Вследствие этого я искал, расспрашивал подходящего частного заведения, и выбор мой остановился на прекрасной частной лечебнице, по соседству от нашего дома на Плющихе, на хорошо знакомом мне месте дома покойного М. П. Погодина. Оставалось только перевезти больного из Петербурга в Москву, добившись формального увольнения его из больницы. В Петербурге я обратился за советом к тамошнему старожилу, шурину своему М. П. Боткину, который тотчас же объявил, что состоит попечителем больницы св. Николая и немедля готов исполнить мое желание, хотя не может уяснить себе, с какою целью я задумал перемещение больного, материальные условия жизни которого не оставляют желать ничего лучшего. В этом Боткин предложил мне лично удостовериться тотчас же, переехав с ним в лодке через Неву, на левом берегу которой, прямо против его дома, стоит больница св. Николая. В конторе больницы старший доктор, услыхав о моем желании видеть больного, провел нас в большую, светлую и прекрасную комнату, занимаемую Борисовым. На кровати, стоящей посреди комнаты, я увидал больного в прекрасном сером халате, сидящим с опущенною на руки и понуренною головой. Когда доктор остановился против больного, имея Боткина по правую, а меня по левую руку, Борисов не обратил на нас ни малейшего внимания и что-то бормотал, причем доктор сказал: «Читает наизусть латинские стихи».

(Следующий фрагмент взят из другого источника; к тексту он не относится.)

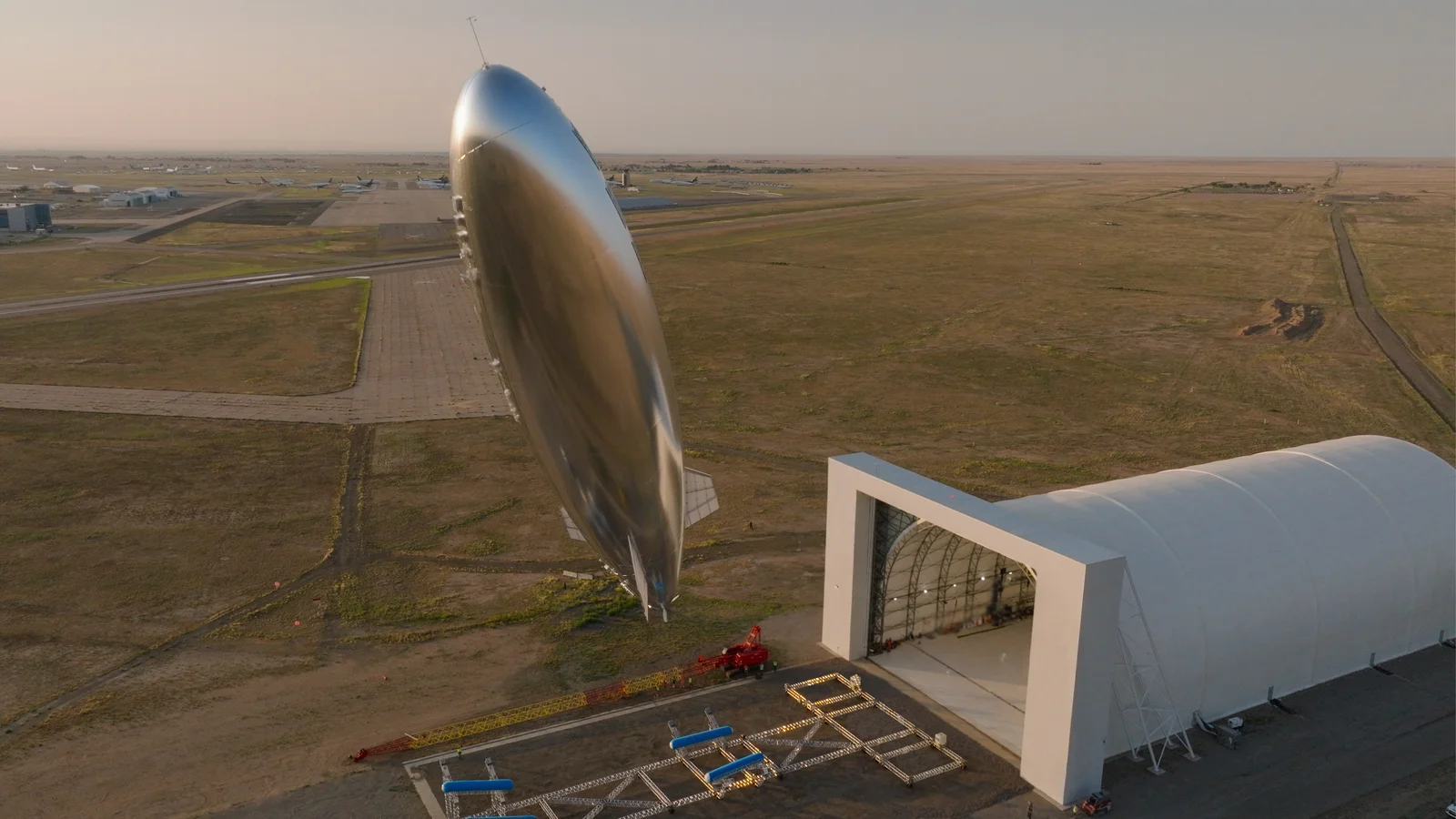 Dansk iværksætter tester mobil infrastruktur i stratosfæren på historisk mission fra USA til Japan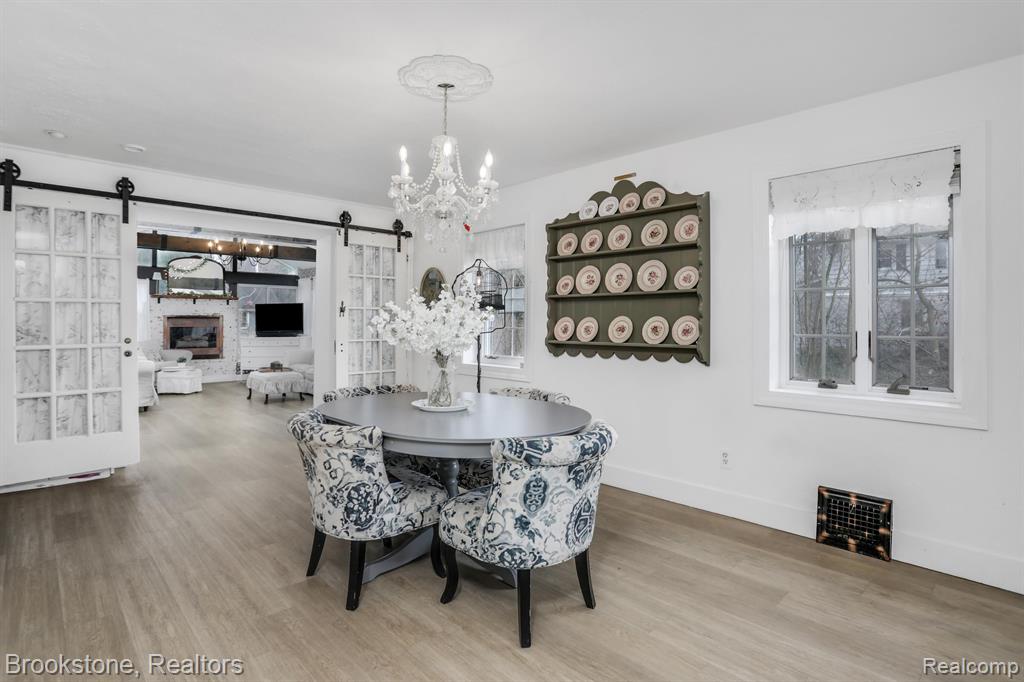 7146 ARROWOOD Drive, West Bloomfield, MI 48324 — Photo 9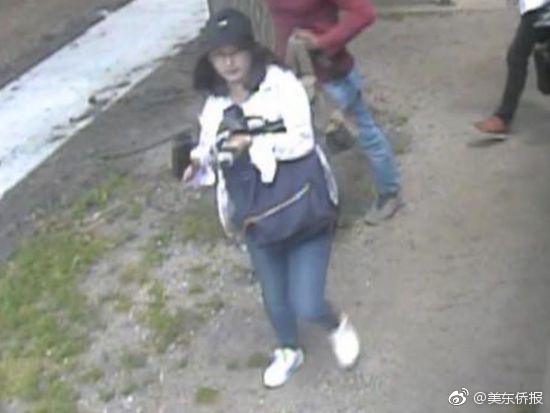 欧美三级黄片免费播放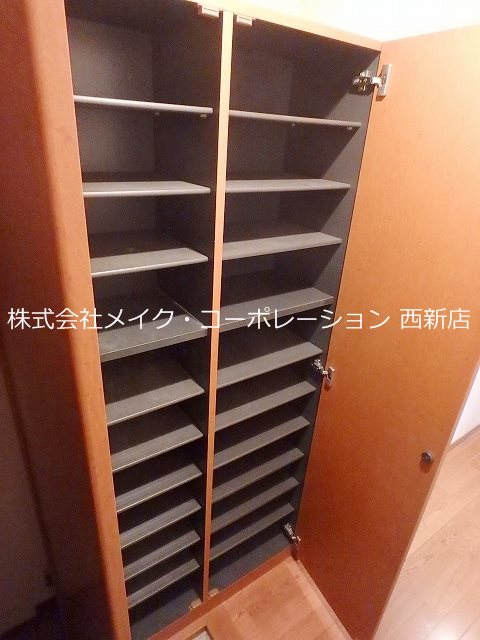 トニーコート 玄関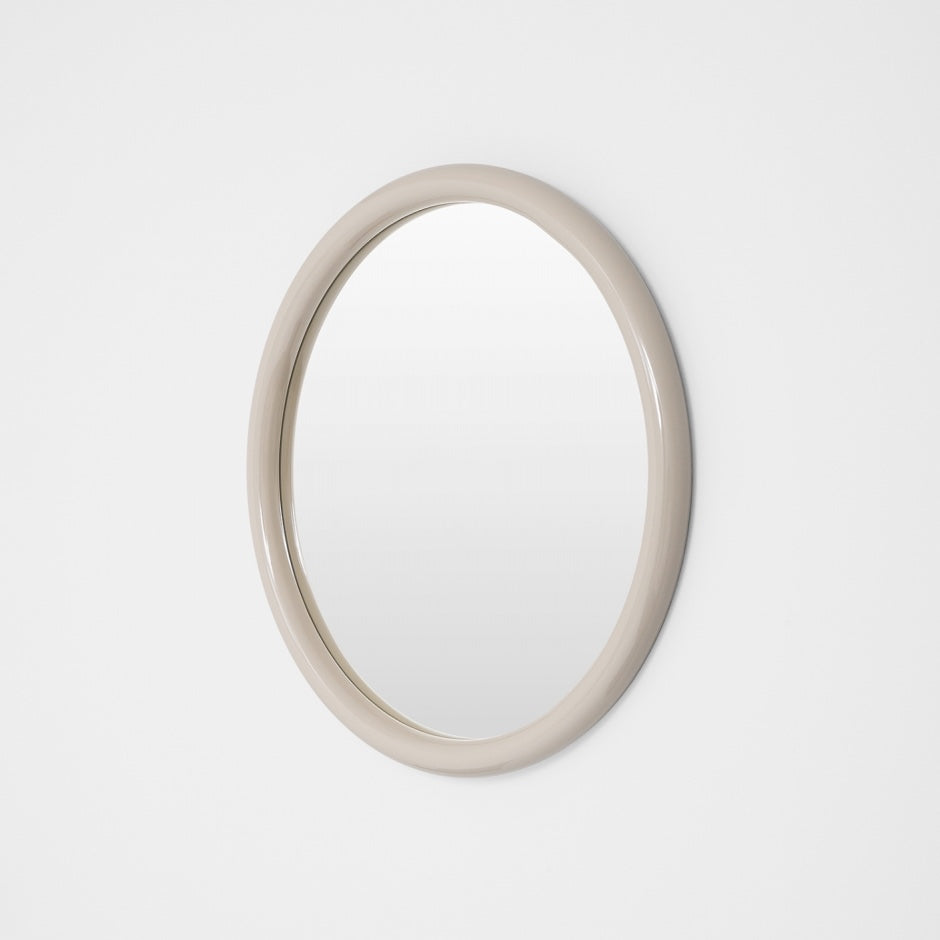 WARMFGERG8SA_Gertrude Round Gloss Sand Mirror 80cm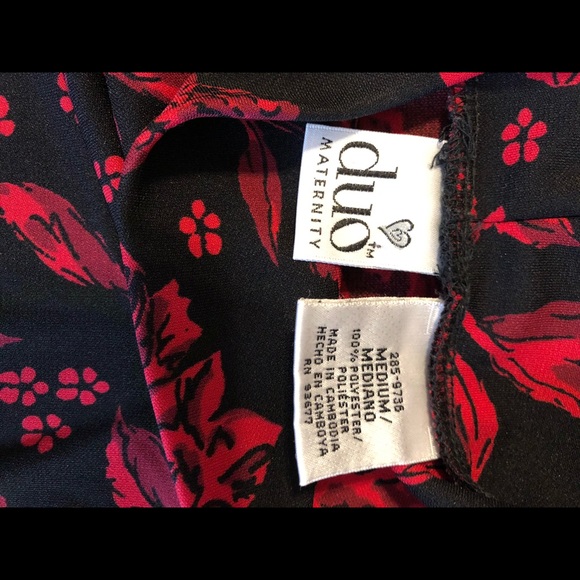 DUO Sleeveless Maternity Floral Sleeveless Top - Picture 4 of 4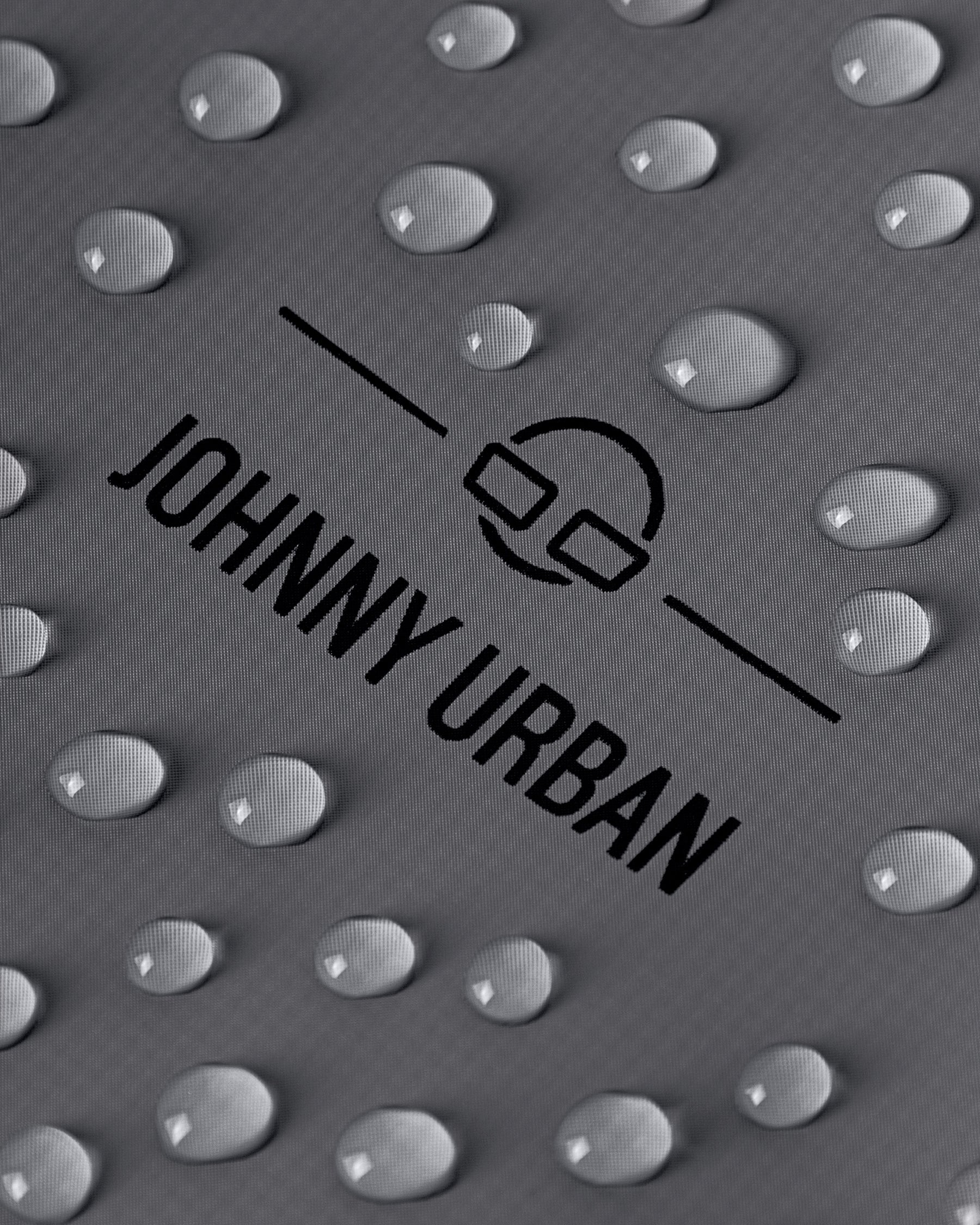 Wasserabweisendes Material mit Johnny Urban Logo und Wassertropfen auf Rolltop Rucksack Conor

— Петр Иванович, — сказал доктор, — посмотрите, кто к вам пришел.

При этих словах больной повернул голову налево и, узнав Боткина, слегка улыбнулся и снова понурил голову.

— Петр Иванович, да вы посмотрите направо, — сказал доктор.

Больной поднял голову, и глаза его вспыхнули огнем восторга.

— Дядя Афоня! — крикнул он. Но это был один момент: луч восторга, засиявший в глазах его, видимо, погасал, и, понуря голову, он снова сел на прежнее место, с которого было порывисто вскочил.

Убедившись в превосходном уходе за моим больным, я отказался от мысли перевозить его в Москву.

В январе 1886 года Киндлер приехал нас поздравить с Новым годом в качестве уже окружного инспектора, а когда в начале марта мы собрались в деревню, то услыхали, что он захворал, как оказалось впоследствии, черною оспой, от которой и умер в полном расцвете сил.

Только на днях из несомненного источника я услыхал подробности его смерти. Узнавши, что заболел черною оспой, он перерезал себе горло бритвой; но в госпитале, куда его отправили, черная оспа прошла, а между тем он умер от нанесенной себе раны. Психический мотив этого поступка остался для меня тайной.

В декабре 1887 г. я ездил в Петербург по весьма неприятной тяжбе, свалившейся на меня, как снег на голову, как бы в подтверждение французской пословицы: «qui terre a, guerre а»[254].

И на этот раз наш общий с Полонским приятель, Н. Н. Страхов, снова стал передавать мне сетования Полонского на то, что я, бывая в Петербурге, не только по-прежнему не навещаю его, но даже не бываю по пятницам, на которых бывают все его приятели. Передав Страхову о черной кошке между мною и Тургеневым, пробежавшей по поводу письма Полонского, я просил Ник. Ник. объяснить Полонскому, что мне неловко с оскорблением в душе по-прежнему чистосердечно жать ему руку. Последовало со стороны Полонского объяснение, что никогда он не писал слов в приписанном им Тургеневым смысле[255]. При этом Яков Петрович сказал: «Впрочем, я мог бы много с своей стороны выставить таких тургеневских выходок».

Я не полюбопытствовал спросить, — каких; и сердечно радуюсь восстановлению дружеских отношений с человеком, на которого с университетской скамьи привык смотреть, как на брата.

Между тем в Борисовской Ольховатке пришлось энергически приступить к перестройке усадьбы, которая по причине ветхости не могла служить своим целям, а 25 марта 1888 г. пришла телеграмма о кончине Пети.

Мих. Петр. Боткин, взявший на себя хлопоты похорон Борисова, писал:

«Смерть сняла с него все, наложенное на его черты недугом: в гробу лежал прекрасный интеллигентный юноша».

Приходилось развязывать узел опеки, и по вскрытии духовной Борисова оказалось, что он все свое состояние завещал мне.

Мне бы следовало закончить свои воспоминания юбилейными днями 28 и 29 января 1889 года. Но об этом так много было говорено в разных изданиях, что я не надеюсь сообщить по этому случаю что-либо новое читателю, который и без того может счесть мои воспоминания слишком подробными.